◆ **THE PROBLEM**
Word for word, return the lines below from the first through the line that has "einen Schreibtisch mit", dropping the pictures.

Stored data:
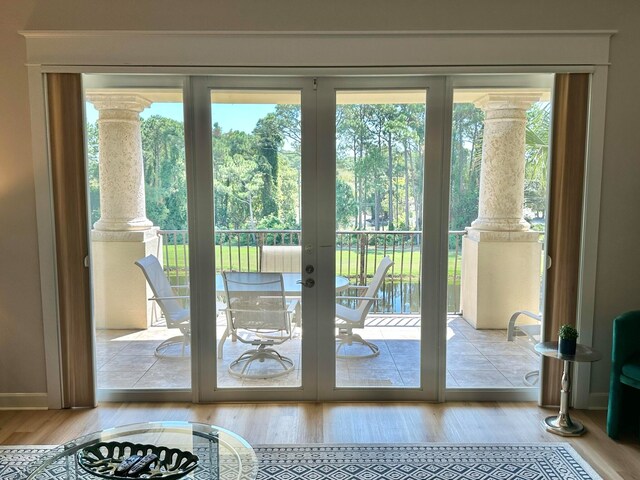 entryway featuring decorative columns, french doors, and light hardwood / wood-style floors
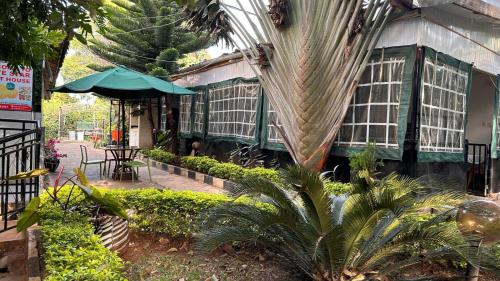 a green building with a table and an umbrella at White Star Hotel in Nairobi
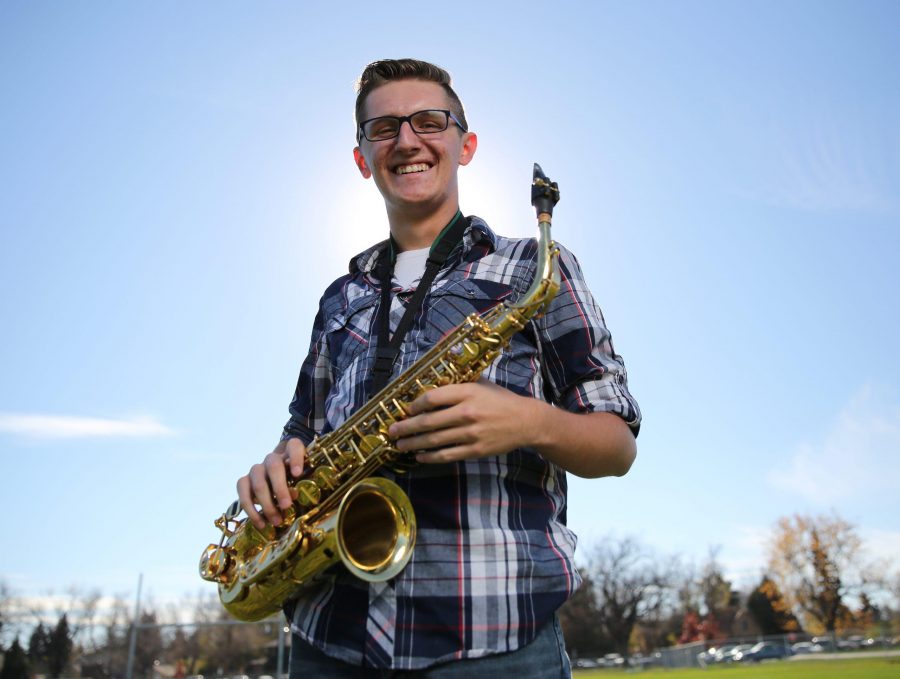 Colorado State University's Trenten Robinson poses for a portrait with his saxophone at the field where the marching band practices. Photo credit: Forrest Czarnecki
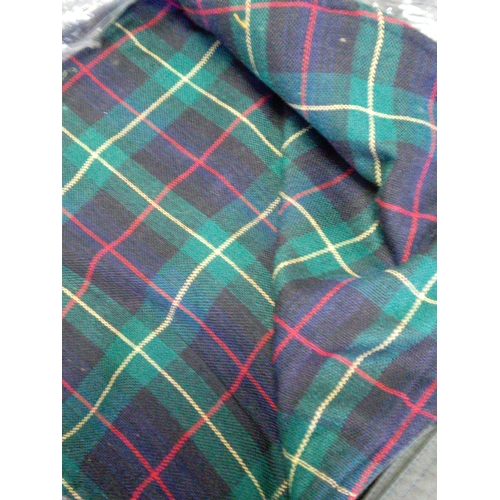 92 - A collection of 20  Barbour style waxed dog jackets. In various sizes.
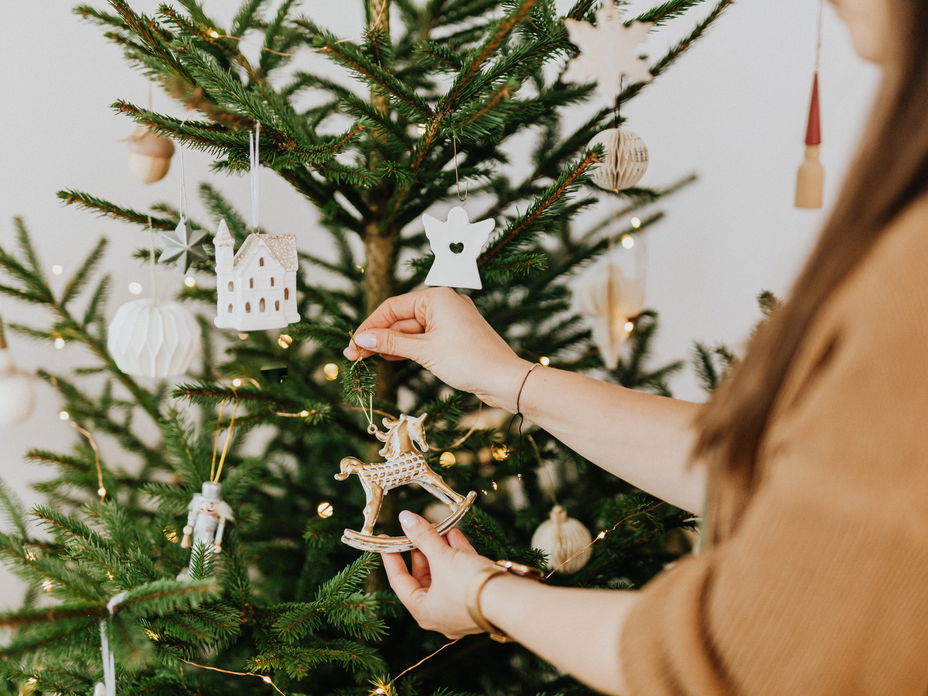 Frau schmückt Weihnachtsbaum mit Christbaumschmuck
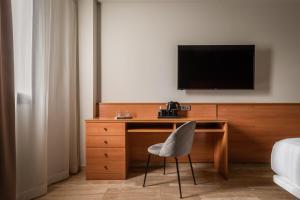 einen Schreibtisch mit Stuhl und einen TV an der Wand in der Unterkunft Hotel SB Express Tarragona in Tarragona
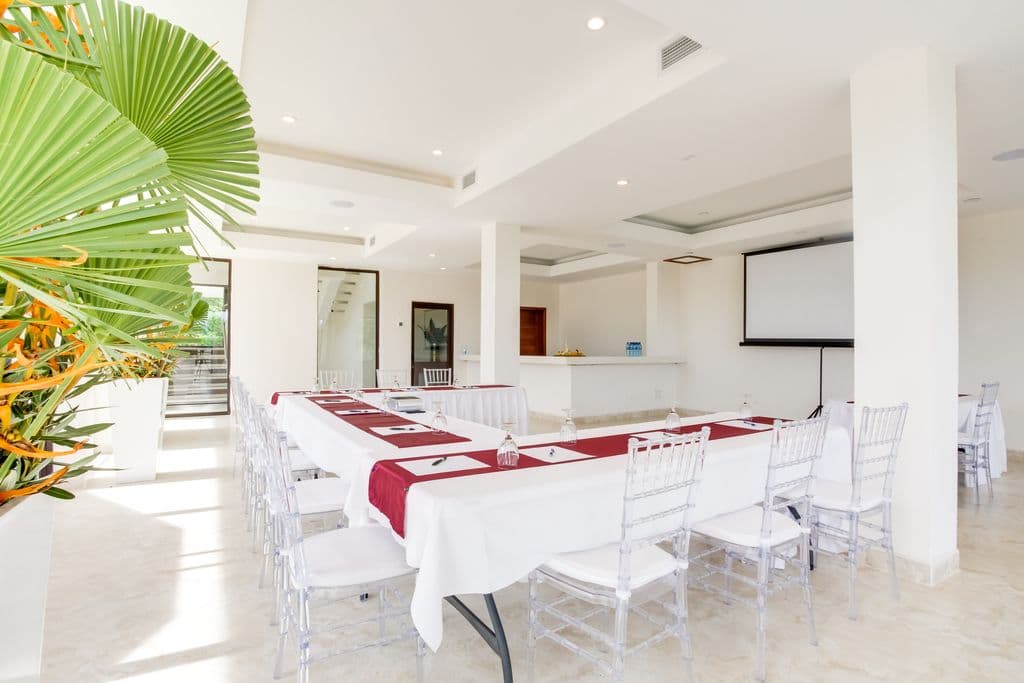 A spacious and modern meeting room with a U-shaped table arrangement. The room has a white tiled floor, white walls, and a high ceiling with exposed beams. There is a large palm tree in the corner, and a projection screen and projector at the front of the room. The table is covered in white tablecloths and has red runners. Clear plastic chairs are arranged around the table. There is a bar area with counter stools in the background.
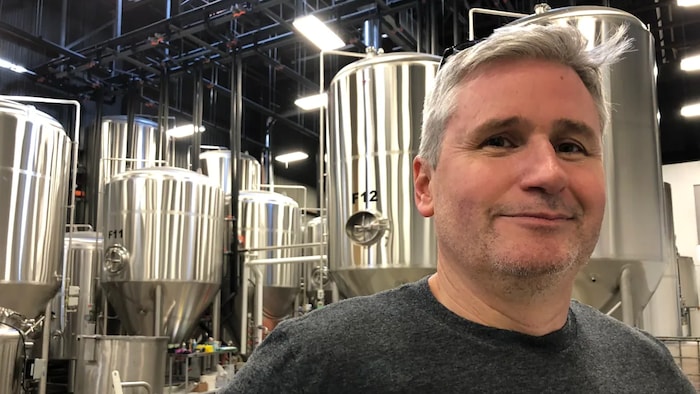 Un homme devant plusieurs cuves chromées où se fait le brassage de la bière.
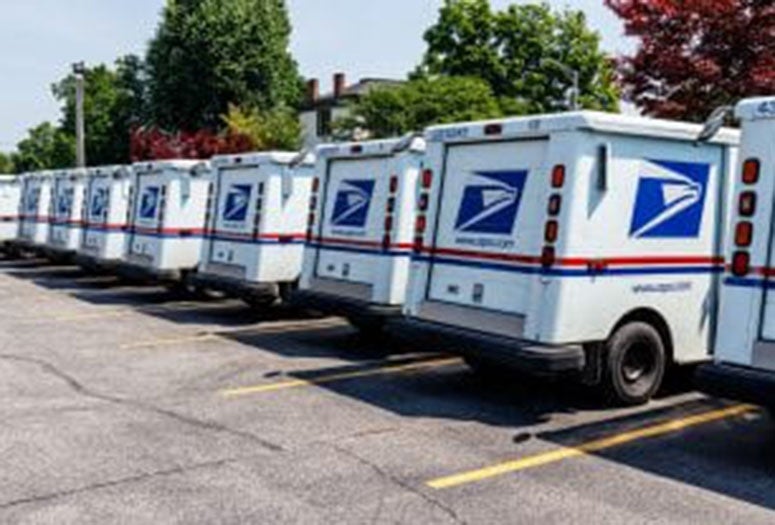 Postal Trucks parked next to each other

◆ **RESULT FOR THIS EXERCISE**
 entryway featuring decorative columns, french doors, and light hardwood / wood-style floors
 a green building with a table and an umbrella at White Star Hotel in Nairobi
 Colorado State University's Trenten Robinson poses for a portrait with his saxophone at the field where the marching band practices. Photo credit: Forrest Czarnecki
 92 - A collection of 20  Barbour style waxed dog jackets. In various sizes.
 Frau schmückt Weihnachtsbaum mit Christbaumschmuck
 einen Schreibtisch mit Stuhl und einen TV an der Wand in der Unterkunft Hotel SB Express Tarragona in Tarragona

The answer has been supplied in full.